Hub City Bookshop is excited to host John Lane at the Goodall Environmental Studies Center for a discussion of his new book Still Upright & Headed Downstream: Collected River Writing. Gathering a wealth of essays and poems about Lane's time spent paddling and floating rivers throughout the Southeast and around the world, this collection assembles over thirty-five years' worth of poetry and prose about rivers and river people. Lane will be in conversation with Wofford Environmental Studies professor Peter Brewitt, and the evening will feature a culinary surprise fromWilliam Cribb! Don't miss this wonderful event; join us at 6pm on Tuesday, April 12th. The evening is free and open to all, but save your spot and your copy of the book through the link below!
When John Lane was a young poet, a magazine editor asked him to leave the comfortable eddy of verse and contemplate in paragraphs why he was a kayaker. The resulting essay, "Why I Love Falling Water," began what would become a thirty-five-year stream of published poetry and prose about rivers and river people. Gathered here after decades, scattered individually throughout a dozen published books and many magazines, newspapers, and journals, are essays and poems about paddling and floating rivers all over the Southeast and beyond. Settings range from the Nantahala in North Carolina to the Tiburon in Mexico. This collection encompasses all John Lane's river writing outside his two book-length narratives CHATTOOGA: DESCENDING INTO THE DELIVERANCE RIVER and MY PADDLE TO THE SEA: ELEVEN DAYS IN THE RIVER OF THE CAROLINAS. Put in anywhere among this wealth of literary reflection and insight and you won't be disappointed.
John Lane is Emeritus Professor of environmental studies at Wofford College and was founding director of the college’s Goodall Environmental Studies Center. He is the author of a dozen books of poetry and prose, including two novels.

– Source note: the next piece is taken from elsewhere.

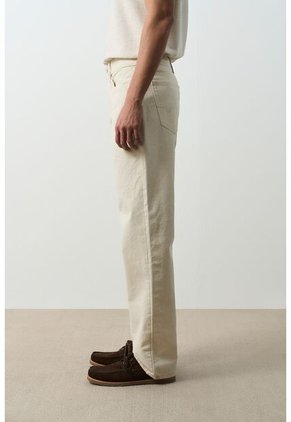 Jean Astu Para Hombre Relaxed Fit Jean Astu Para Hombre Relaxed Fit Kaky 30 VÉLEZ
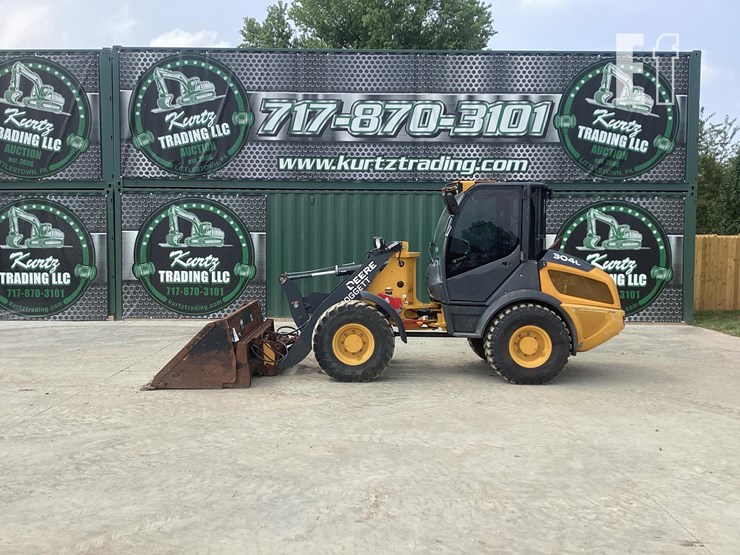 2021-deere-304l-image-1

His COYOTE SETTLES THE SOUTH was one of four finalists for the John Burroughs Medal and was named by the Burroughs Society one of the year’s “Nature Books of Uncommon Merit.”
As an environmentalist in 2013 Lane was named Upstate Forever’s “Clean Water Champion,” and “Water Conservationist of the Year” by The South Carolina Wildlife Federation. In 2014 he was inducted into the SC Academy of Authors. He, with his wife Betsy Teter, is one of the co-founders of Spartanburg’s Hub City Writers Project.